Well, lots has gone on in this thread since I was fumbling around last year to figure out the modulation scheme. Pretty exciting! @MadUKDiver, brilliant job decoding the bit string. My interest (like the OP) is having a receiver to harvest pressure readings from all nearby tanks, on the surface and maybe underwater too. A standalone receiver/logger/display with alerts/alarms can have a more generous power budget, and so be more sensitive (greater range) and better noise immunity. If you were conducting a dive with students or new divers wouldn't you like a (reasonably cheap) way to keep tabs on everyone's air?

However, building xmit is interesting too - I hadn't thought of "hijacking" the signal to transmit other non-pressure data. That would be a reason for me to switch from bar to psi (cringe) to get the wider numerical scale.

Shouldn't need the DAC, just a port pin and bang out 38Khz square wave pulses into a suitable coil/ferrite antenna.

I haven't done radio in decades, but wouldn't a square wave signal into a resonant circuit be really noisy (so lose lots of power in spurious transmission)? If using a microcontroller, maybe better to output pwm on pin at a couple hundred kHz then low-pass filter to get an approximate sine wave.

I've bought a BD623 Motor Driver to buffer the output of the UNO. It has a bandwidth of over 100 kHz so hopefully up to the task
...
Edit: BD6211 Motor Driver looks more promising, it works down to 3v supply.

Using push-pull amplification sounds like a good idea, but how do you switch the direction of this kind of chip at 38 kHz - it has 2 separate input pins for fwd and rev PWM. Can it switch that fast? That's not the same as being able to drive the PWM inputs at up to 100 kHz. Like I said, I haven't done this kind of thing in decades.

Cheers

 

[TooCold]

I have been looking around and it looks like there is absolutely no project even attempting to do RF transmission at 38 kHz or even LF.

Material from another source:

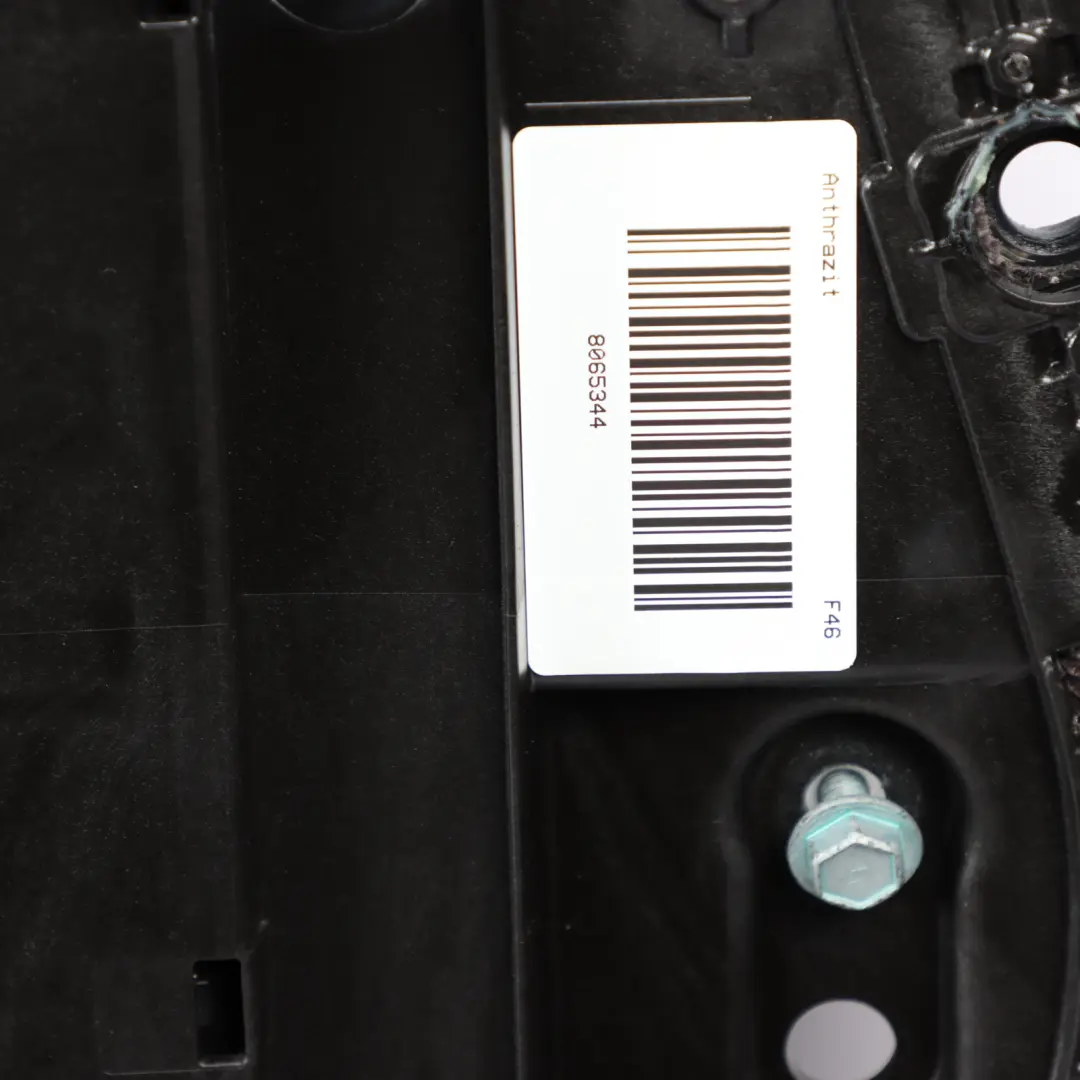 BMW F46 Panoramic Sunroof Panorama Sliding Roof Sun Roof Frame Assembly - SKU 7445466 - Part number 7445466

The transmitter and receiver circuits for this are not really radio. Radio transmits and receives the ELECTRIC field of the electromagnetic (EM) radiation using (usually wire) antennas. These scuba tank pressure reporting systems (and RFID tags, wireless charging, NFC on smartphones, tap-to-pay credit cards) transmit and receive the MAGNETIC field of the EM radiation using induction coils. The transmitting coil and the receiving coil make an air-gap (or water-gap) transformer. A varying electric current passing through the primary coil creates a magnetic field which propagates through the air (or water) to the other coil, where it induces a (weak) current in the secondary coil that varies just like the original. This is exactly what goes on inside a lot of audio amplifiers, so look for audio amplifier circuits that use an impedence matching transformer at the output before the speaker.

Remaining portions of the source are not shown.